**Work to be completed**
Using the records that appear below, write out exactly the lines from the one with "Camiseta Sarcófago e" through the one with "Schoene 2 1/2", keeping both end lines.

━━ Task material ━━

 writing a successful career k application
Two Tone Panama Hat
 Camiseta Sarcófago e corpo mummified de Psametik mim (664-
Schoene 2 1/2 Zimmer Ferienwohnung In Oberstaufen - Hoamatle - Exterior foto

━━━
━━ Task material ━━

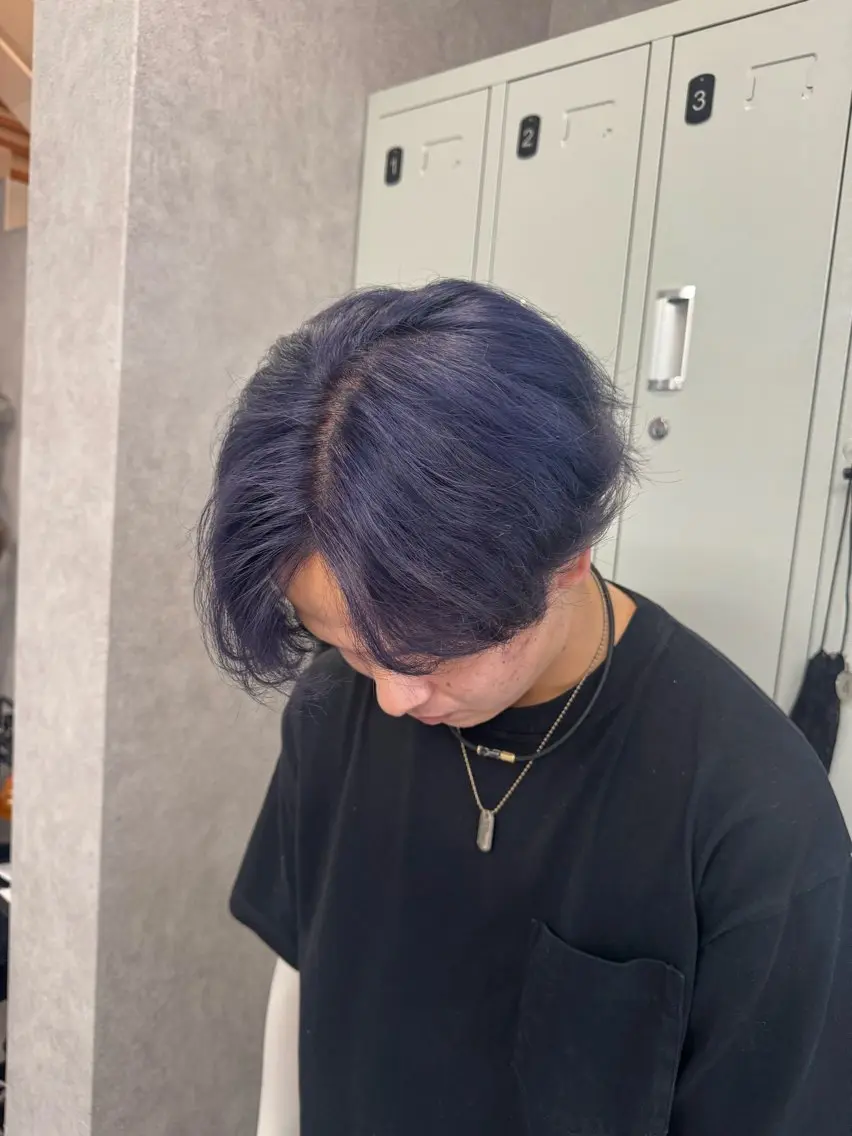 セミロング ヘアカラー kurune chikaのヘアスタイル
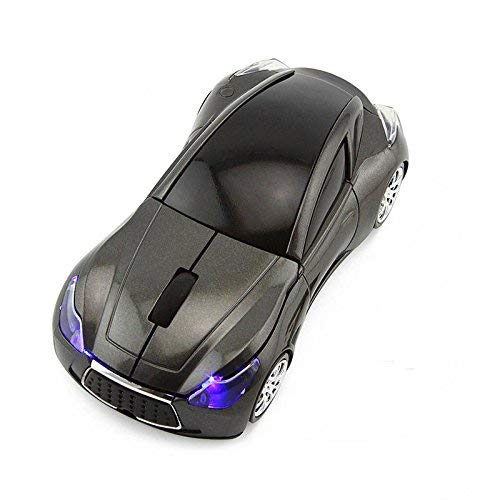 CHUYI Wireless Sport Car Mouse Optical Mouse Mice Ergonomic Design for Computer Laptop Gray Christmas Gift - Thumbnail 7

━━━

**Result of this exercise**
 Camiseta Sarcófago e corpo mummified de Psametik mim (664-
Schoene 2 1/2 Zimmer Ferienwohnung In Oberstaufen - Hoamatle - Exterior foto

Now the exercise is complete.